The legislative proposal advanced after a 7-3 vote. It will now go to the Senate floor and the House before being delivered to the governor.

The Texas Senate State Affairs Committee approved a legislative proposal to prevent transgender athletes from participating in intercollegiate athletic competition according to a sex different from their birth sex.

The bill known as Save Women's Sports and drafted by Republican State Senator Mayes Middleton, seeks to have college athletes compete based on biological sex, i.e., the sex shown on the original birth certificate.

"Senate Bill 15 comes down to one thing: fairness" Middleton stated highlighting that this bill would ensure the continuity of women's sports because, as she pointed out, if women feel that they are not taking part in a fair competition, they will not want to participate.

The bill passed on a 7-3 vote and will now go to the full Senate and House before it can be delivered to Governor Greg Abbott for his signature and signed into law.

Testimony before the committee

Former swimmer Riley Gaines was one of the athletes who recounted her experience after competing against a biological man in the NCAA championship and showed her support for the bill,

"My teammates and I, as well as female swimmers from around the country, were forced to compete against a biological male Lia Thomas," a  six-foot-four, 22-year-old male, she said, noting that he was allowed to compete in the women's division after having previously competed for the men's team.
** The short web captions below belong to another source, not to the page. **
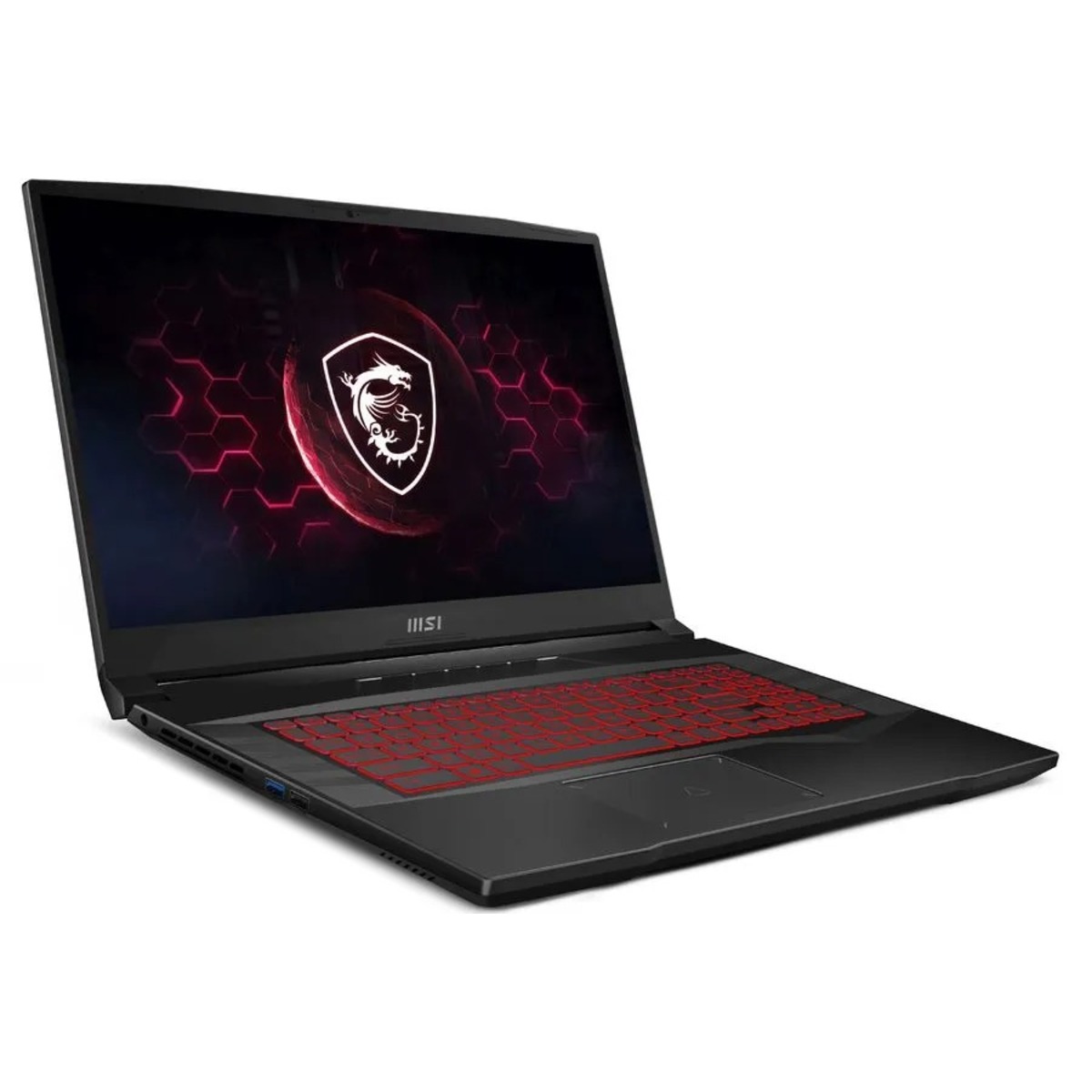 Ноутбук MSI Pulse GL76 12UCK-279XRU Core i5 12500H 8Gb SSD512Gb NVIDIA GeForce RTX 3050 4Gb 17.3 IPS FHD (1920x1080) Free DOS grey WiFi BT Cam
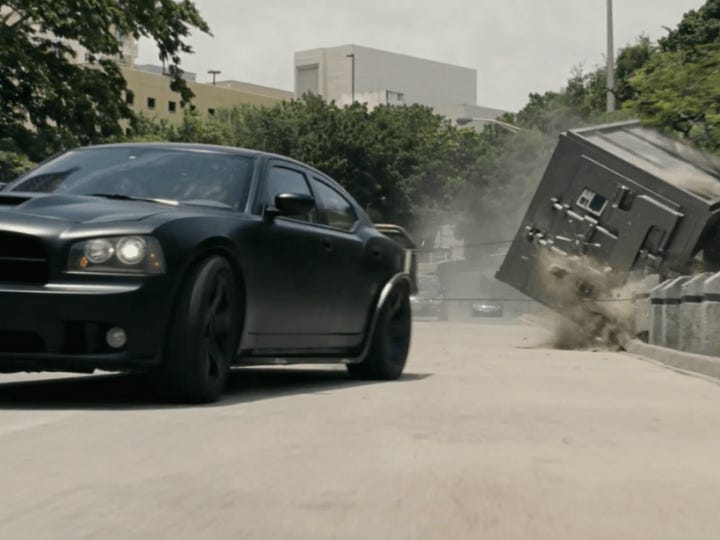 How 'Fast Five' Towed a 9000 Lb. Steel Vault to Create Real Carnage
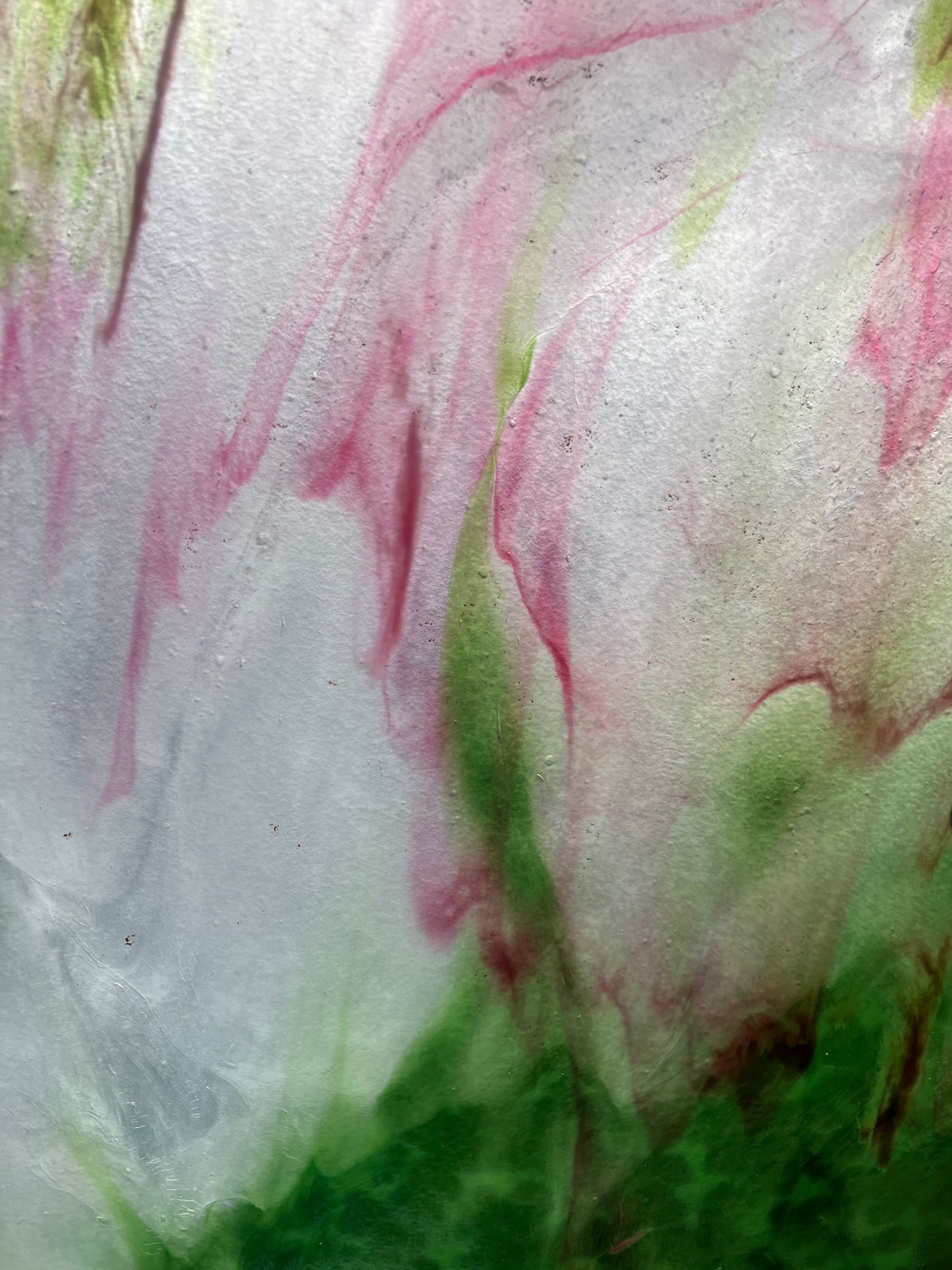 Ice White Green and Pink - Youghiogheny
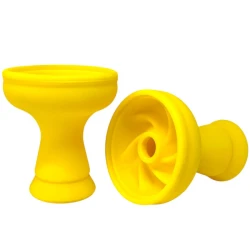 Чашка силиконовая под калауд Vitria Phunnel (Желтый)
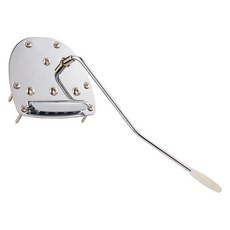 일렉트릭 기타 트레몰로 시스템 브릿지 비브라토 테일피스 Whammy Bar 트레몰로 암 포함 재규어/재즈마스터용 잠금 버튼 없음 크롬, 크롬색, 잠금 버튼 포함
Thomas managed to outperform the top athletes on the first day of the competition, which made Gaines feel betrayed and underappreciated. "The sacrifices I had made had been reduced to a photo shoot to validate [Thomas]," he recounted.

Gaines also highlighted how uncomfortable it was for her and the rest of her companions to have a man "exposing male genitalia" in a space full of "vulnerable, undressed" women.

"I truly hope you can see how this is a violation of our right to privacy and how some of us have felt uncomfortable, awkward, embarrassed, and even traumatized by this experience," she said.